Simplest fermionic normalized quantum many-particle wavefunction in position representation

What is the simplest fermionic normalized quantum many-particle wavefunction, expressed in the first-quantized position representation, that you can think of? The normal single-particle examples don't seem to be that simple: Slater determinant of Gaussians times Hermite polynomials for harmonic oscillator, the free particle is not normalizable, and the infinite square well doesn't seem any better.

I understand simple in a fairly intuitive way: easy to manipulate, possible to differentiate and integrate, not too many symbols etc..

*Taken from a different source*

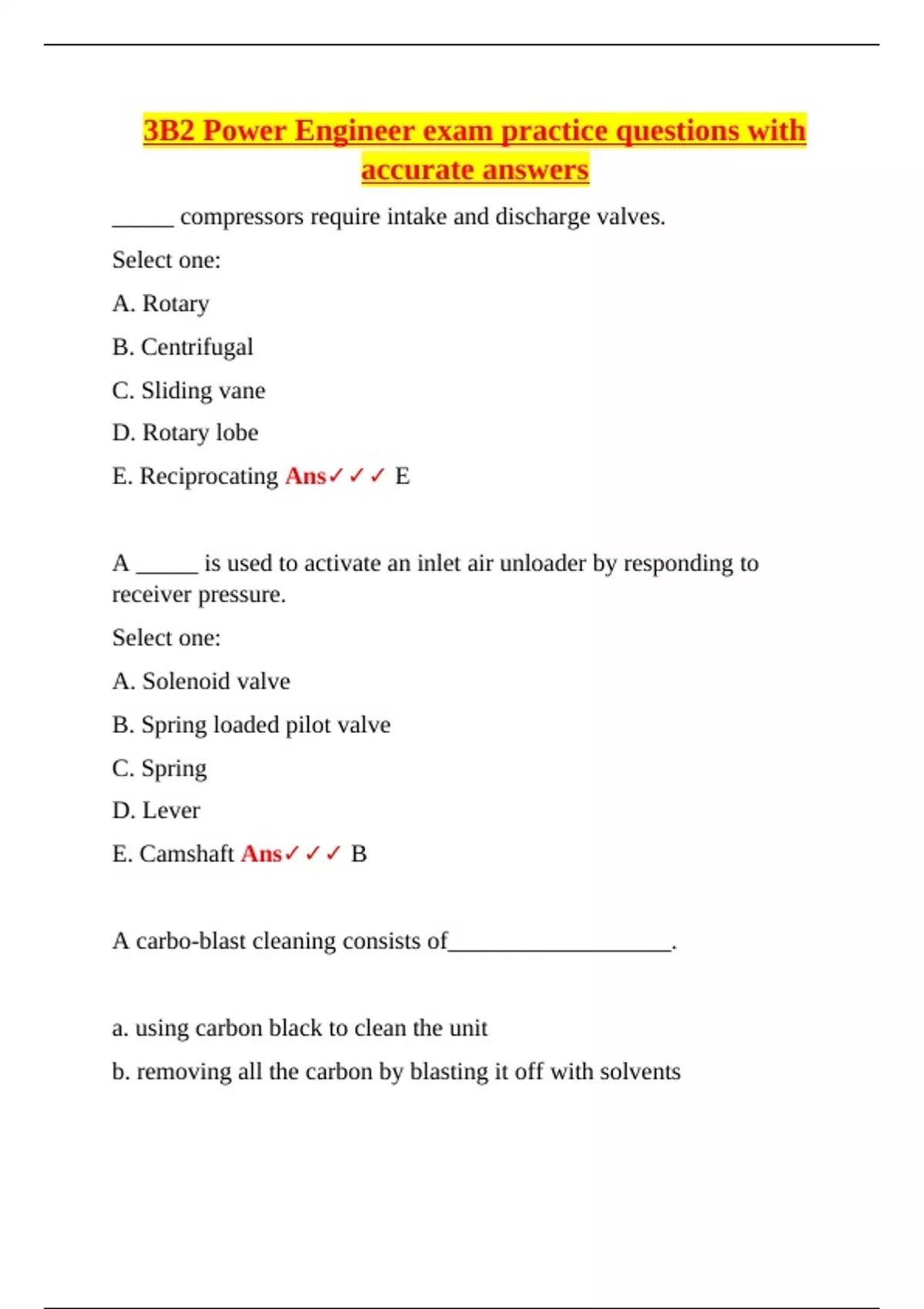 3B2 Power Engineer – Exam Practice Questions with Verified Answers ...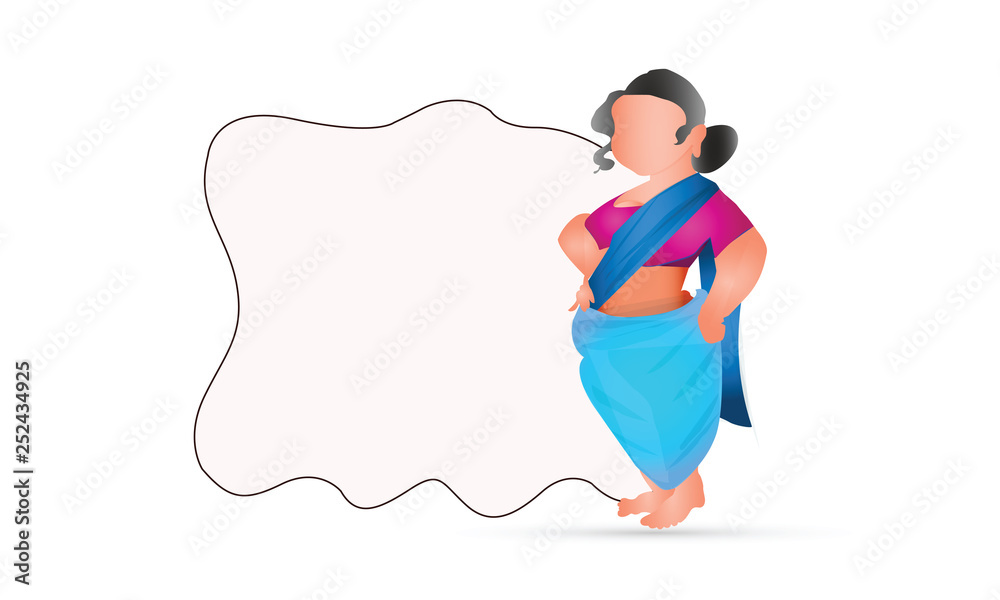 illustration of Indian woman on a white background. International Women's Day 8 march, Paper art 3d from digital craft style. - Vector illustration of Indian woman on a white background. International Women's Day 8 march, Paper art 3d from digital craft style. - Vector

The best candidate I can think of (which is still not that good according to my example criteria above) is a single full Laundau level for a charged particle in a magnetic field, expressed as

$\displaystyle\Psi(z_1,z_2,\ldots,z_N)=\big(4\pi(N-1)\big)^{-N(N-1)/2}\prod_{i<j}^N(z_i-z_j)e^{-\frac{1}{4}\sum_{i=1}^N|z_i|^2}\ ,$

in terms of complex coordinates $z=x+iy$ and with physical constants set to 1 (normalization from Wikipedia).

Do you know a simpler one?

I'm asking because I would like a simple one to test out concepts and understanding.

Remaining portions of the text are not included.